On the way to the Giardini we find P., C., and M. sitting in the sun, all languorous. M. is wearing a sort of shimmery jester’s outfit with bare legs and very high heels, a shock after so many black coats, suits, t-shirts. A woman in a hat and a face mask, her partner and grown-up child pass and say hello to P., who gets up, and as we move to get up too says “don’t get up, it looks lovely down there” so we don’t and she steps over to shake our hands and introduce herself, “Tilda.” We joke about dogs, children and I think what a nice rich woman and then realise who she is.
I help find M.’s friend, a Russian. “She’s left now, because...” I think about the wave of Russian emigre creatives/thinkers and think how much they did to enrich (Nabokov) and harm (Ayn Rand) art in the Anglosphere. The Georgians I know are complaining that the influx of Russians to Tblisi is putting rents up, as they have so much more money. Though they are careful to make distinction between different Russians, between those who miss creature comforts and those fleeing for political reasons.
*
We spot a table of drinks being set up beside the Finnish Pavilion and wait for them to be poured. A woman asks me “Are you Finnish?” and I say, “What, am I finished?” and then realise and say, “Yes, I am Finnish.” She nods. “I could tell from your eyes.” I am not Finnish.
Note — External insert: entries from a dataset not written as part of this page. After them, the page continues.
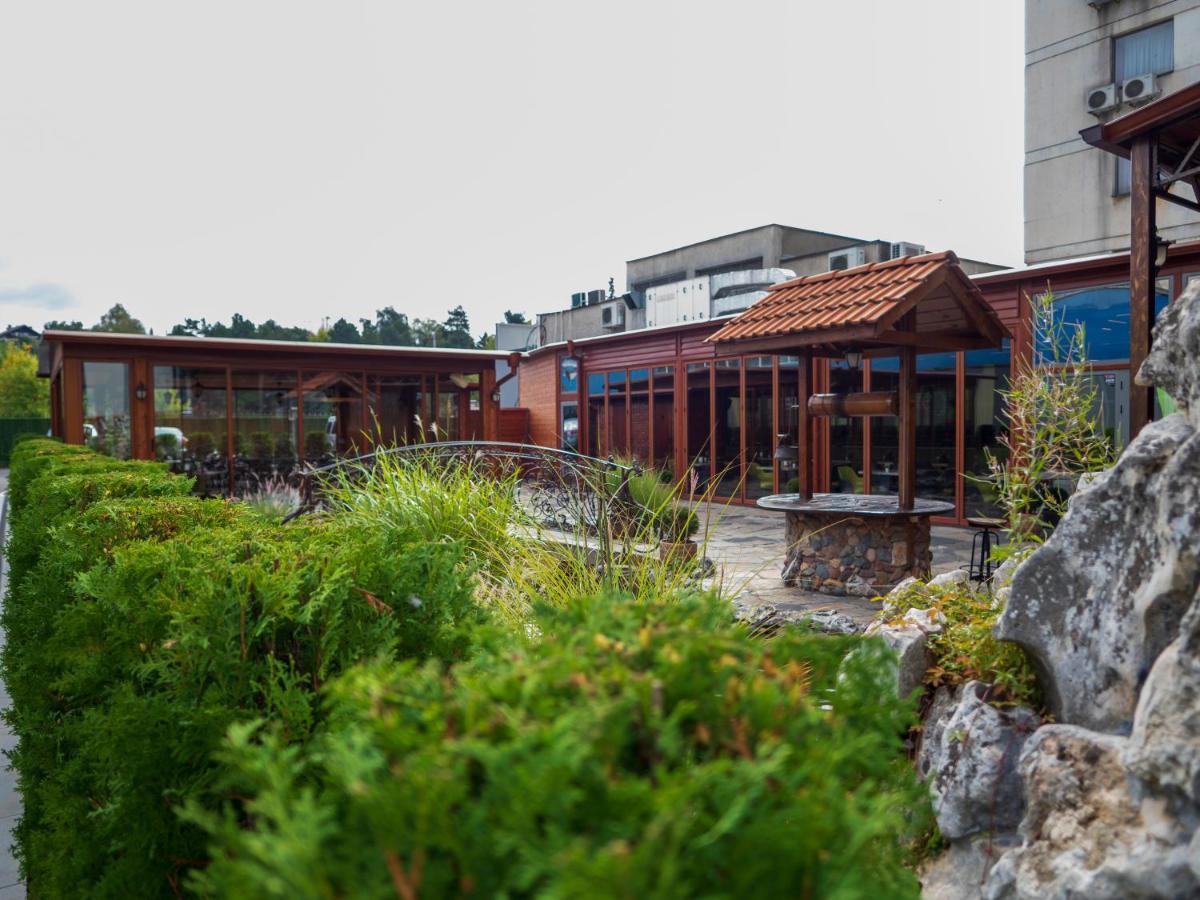 Hotel Elit Pernik Extérieur photo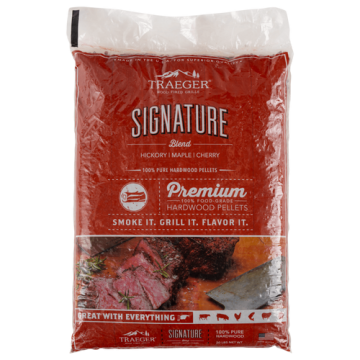 Traeger Wood Pellets, Signature Blend, 20 lb. bag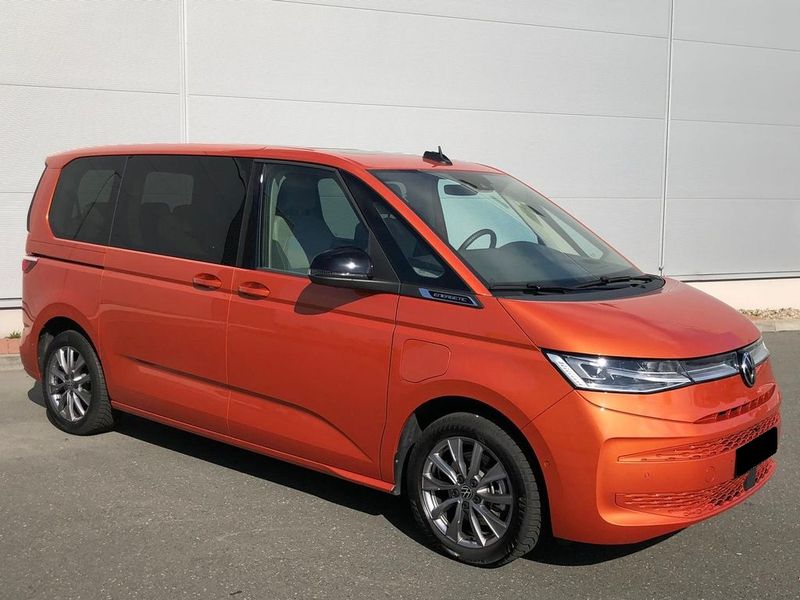 Volkswagen Multivan • 2021 • 17,463 km 2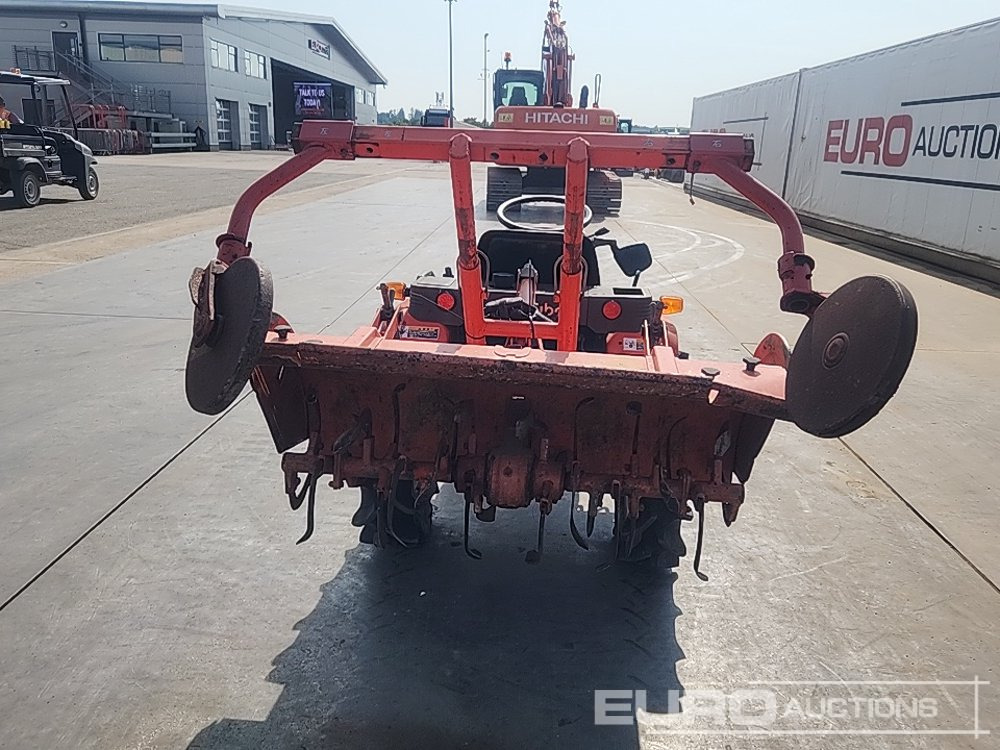Kubota A-13 - Traktor kompak: gambar 4 Kubota A-13 - Traktor kompak: gambar 4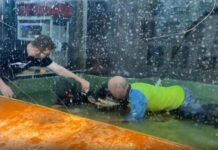 Hombre se convierte en un héroe y rescata a joven que fue atacada por un cocodrilo en un zoológico.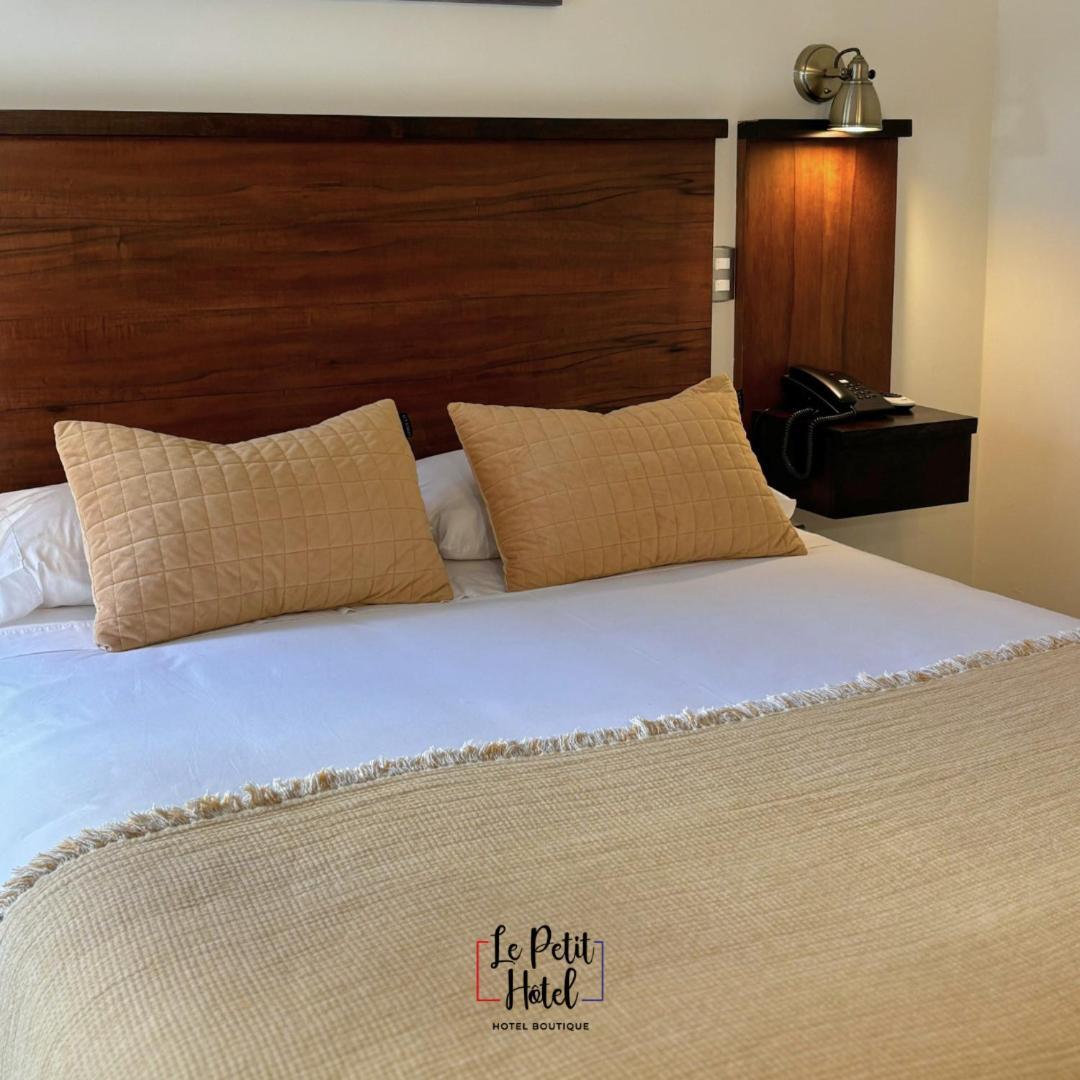 Hotel Le Petit Concepción Pokój zdjęcie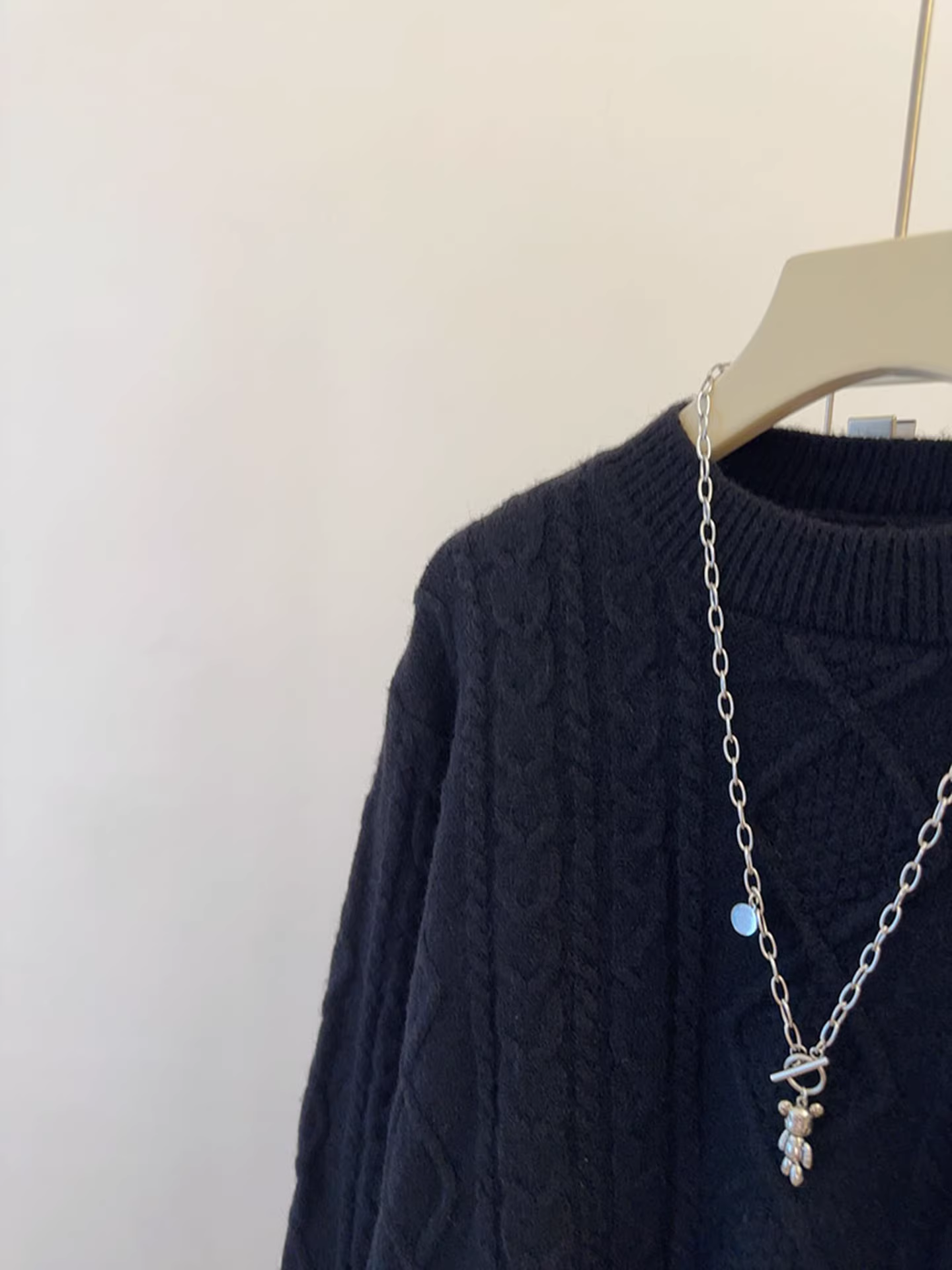 Áo len cổ tròn dài tay màu trắng La Chapelle dành cho nữ 2025 mới mùa thu đông ấm áp dáng rộng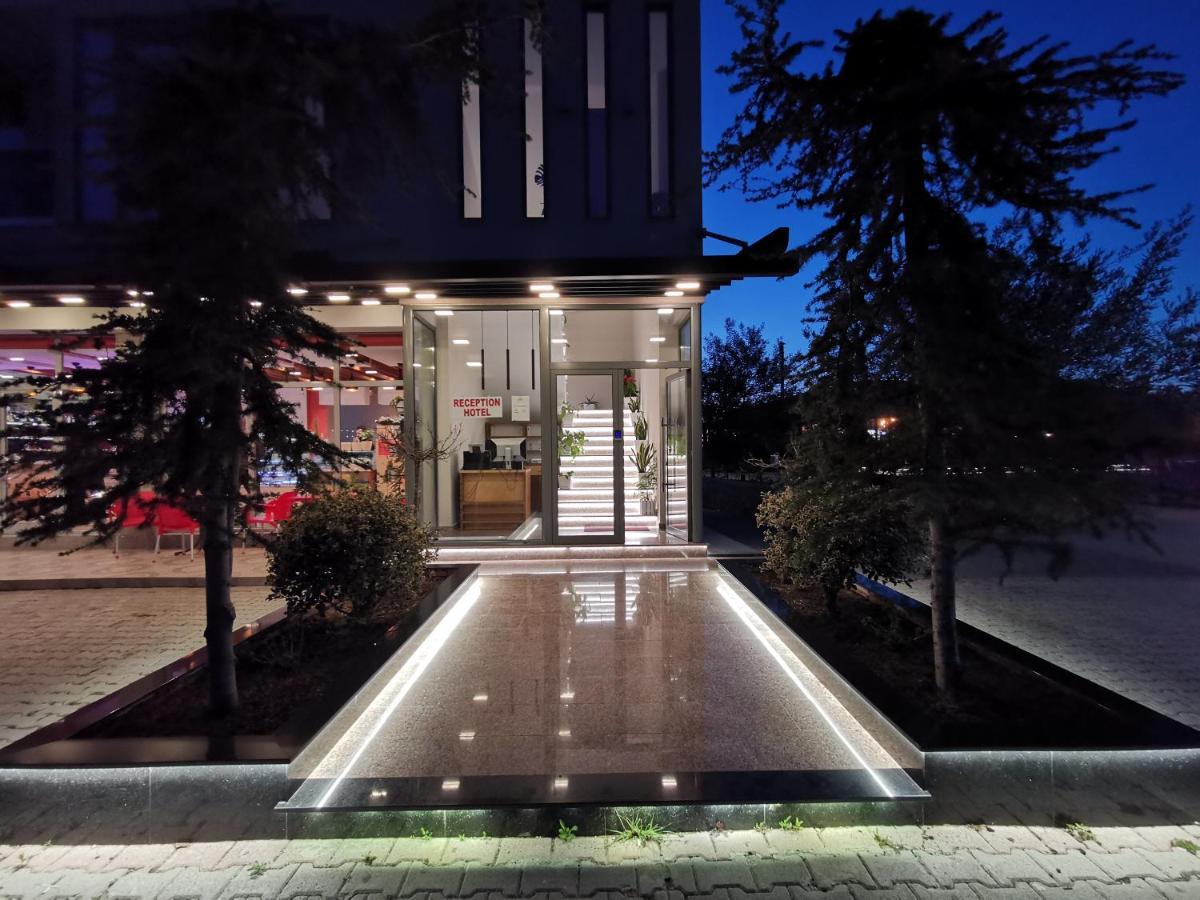 Kuraten Te Aldo Hotel מראה חיצוני תמונה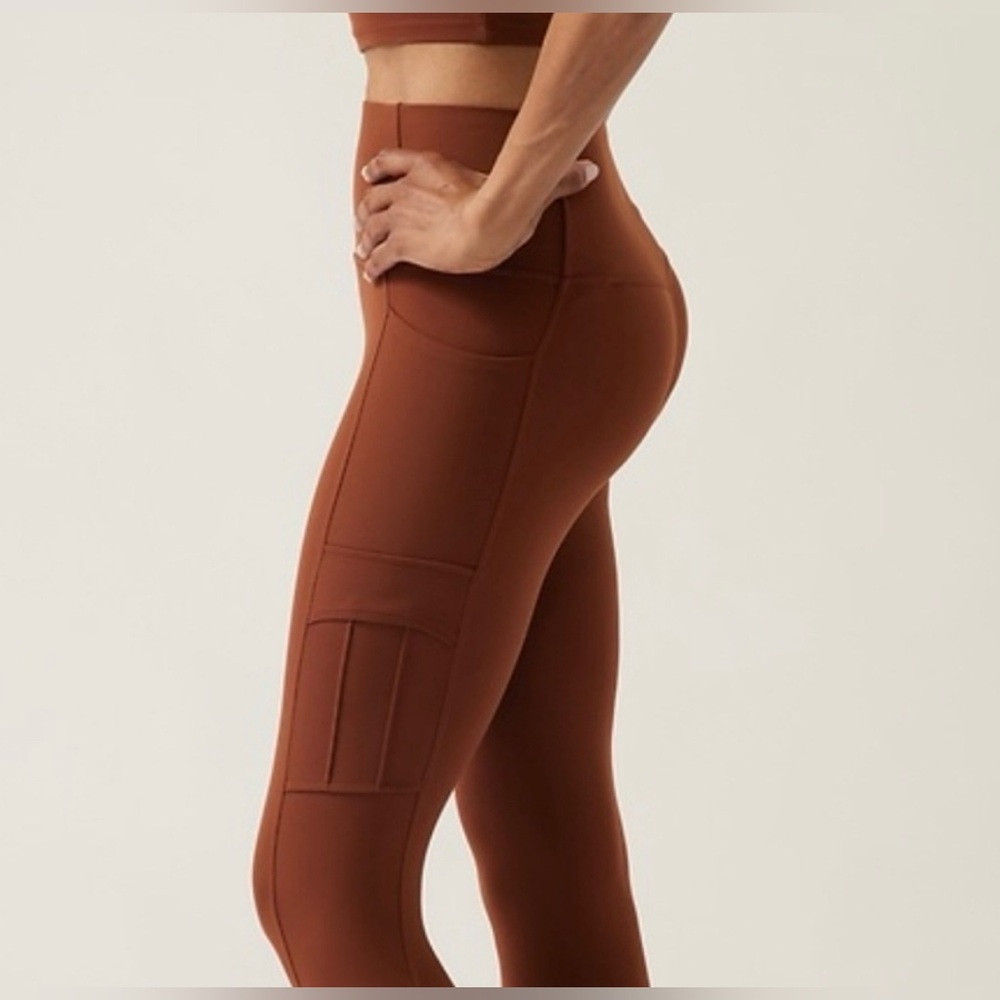 ATHLETA SALUTATION CARGO STASH POCKET 7/8 LEGGINGS - RUST BROWN - small petite
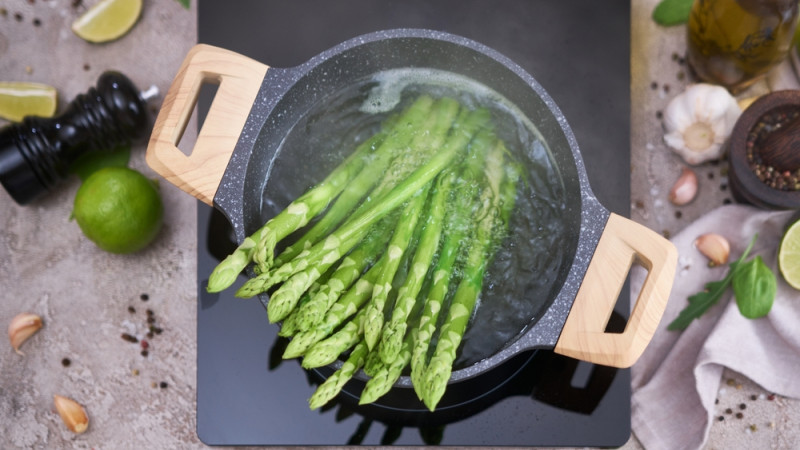 Les bienfaits de l'eau de cuisson des asperges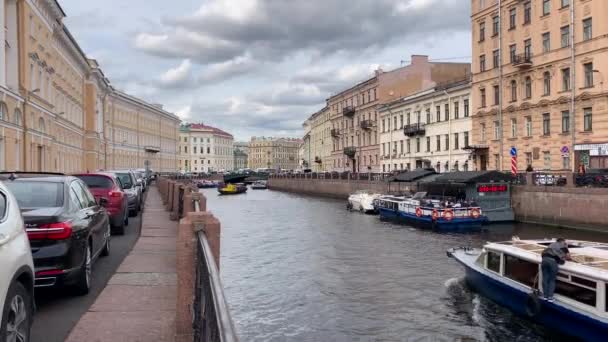 Αγία Πετρούπολη Ρωσία Σεπτεμβρίου 2019 Ένα Σκάφος Αναψυχής Επιπλέει Στο — Αρχείο Βίντεο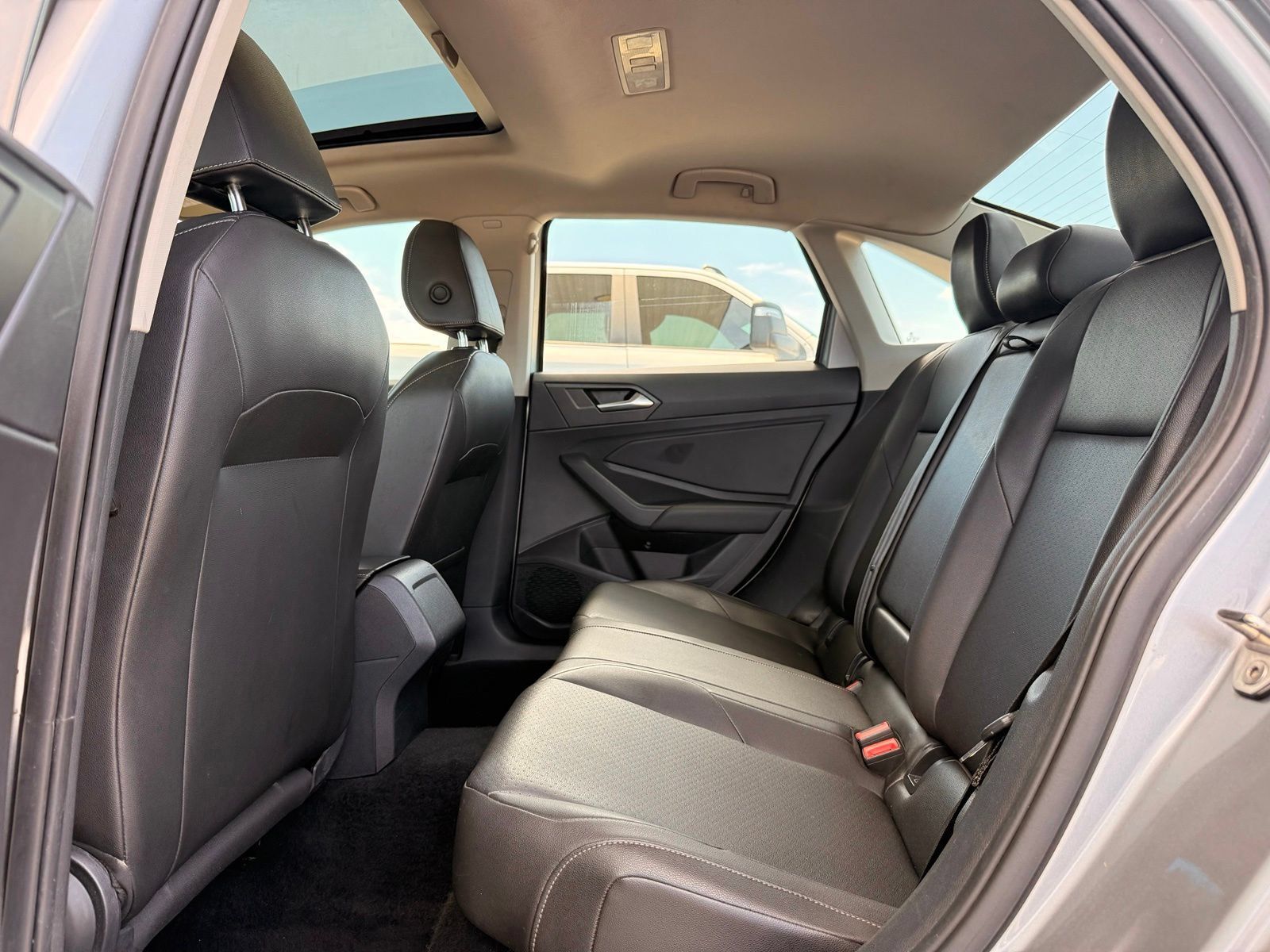 Used 2019 Volkswagen Jetta SE FWD image 17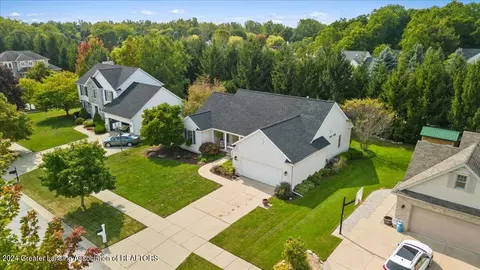 13630 Juniper Dr, Dewitt, MI 48820 photo 3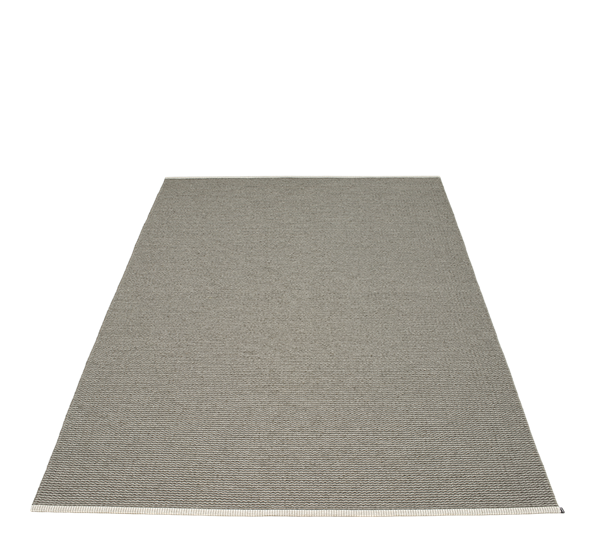 Mono matte charcoal 180x300 cm fra Pappelina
Lo is talking to the Georgians, I’m looking at the serene blue of the ‘pretend’ canal.
We walk through a rooms which are bright white, shoes in hand: in one room a woman sits, her feet in mud. She looks very upset and isn’t real. In another room there is water. In the last room the floor is dirt and we put our shoes back on to cross it.
Inside the Milk of Dreams and Lo’ is very moved by the surrealist room, even having me take a picture of her beside a Leonor Fini. I’d never taken a picture of someone beside a painting in a gallery before and feel odd. I always mock people who do it, almost shove them out of the way. Lo is holding a beautiful flower she found beside the Korean Pavilion.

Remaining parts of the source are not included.